Anyway, there are two points to mention about the latlng field.
Convert geometry to string of "nn.nnnnn,mmm.mmmmm"
You need to convert a geometry (or any other spatial data type) field to char when you import it to Solr. If you simply wrote the following,
select id, name, latlng from sometable
you would get the error below:
org.apache.solr.common.SolrException: org.apache.lucene.spatial.tier.InvalidGeoException: incompatible dimension (2) and values ([B@1b56848). Only 0 values specified at org.apache.solr.schema.LatLonType.createFields(LatLonType.java:69) at org.apache.solr.update.DocumentBuilder.addField(DocumentBuilder.java:198) at org.apache.solr.update.DocumentBuilder.toDocument(DocumentBuilder.java:276) at org.apache.solr.update.processor.RunUpdateProcessor.processAdd(RunUpdateProcessorFactory.java:60) at org.apache.solr.update.processor.LogUpdateProcessor.processAdd(LogUpdateProcessorFactory.java:115) at org.apache.solr.handler.dataimport.SolrWriter.upload(SolrWriter.java:73) at org.apache.solr.handler.dataimport.DataImportHandler$1.upload(DataImportHandler.java:292) at org.apache.solr.handler.dataimport.DocBuilder.buildDocument(DocBuilder.java:636) at org.apache.solr.handler.dataimport.DocBuilder.doFullDump(DocBuilder.java:268) at org.apache.solr.handler.dataimport.DocBuilder.execute(DocBuilder.java:187) at org.apache.solr.handler.dataimport.DataImporter.doFullImport(DataImporter.java:359) at org.apache.solr.handler.dataimport.DataImporter.runCmd(DataImporter.java:427) at org.apache.solr.handler.dataimport.DataImporter$1.run(DataImporter.java:408)
Import and search
Now, it's ready to import. Hit the following URL as usual and that's it.
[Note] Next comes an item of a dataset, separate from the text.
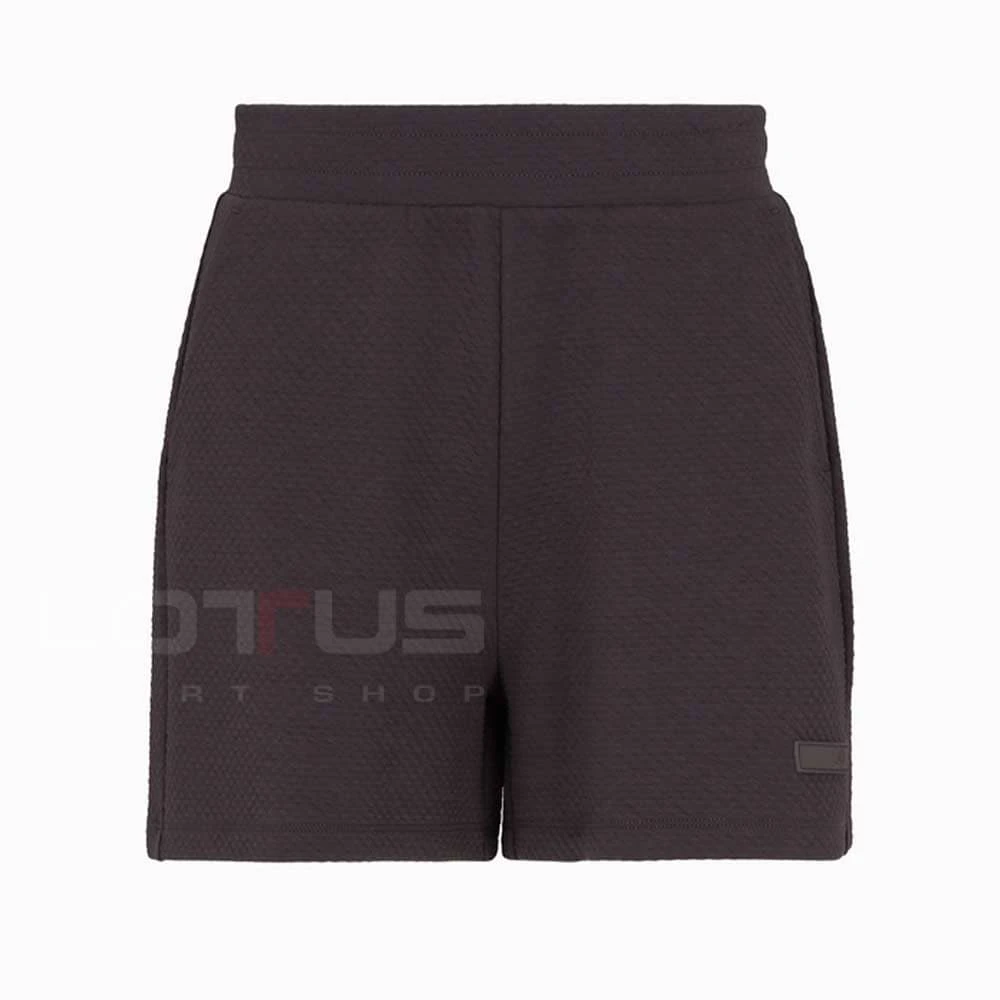 ДАМСКИ КЪСИ ПАНТАЛОНИ EA7 EMPORIO ARMANI 7W000255-U6278 S4E W SHORTS ТЪМНОСИВИ - lotus-sport.bg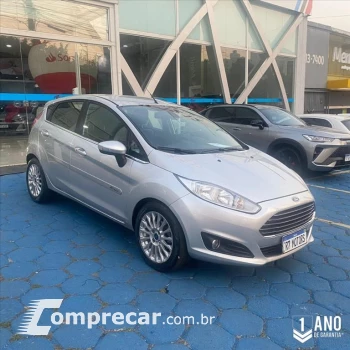 FIESTA 1.6 TITANIUM HATCH 16V FLEX 4P POWERSHIFT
http://localhost:8983/solr/db/dataimport?command=full-import
To search a spatial index, you can use filters. See this page on the wiki for more details.
Conclusion
It's relatively easy to implement a system that requires full text and spatial search features at the same time using Solr. Now, I need to do performance test and some such for production use.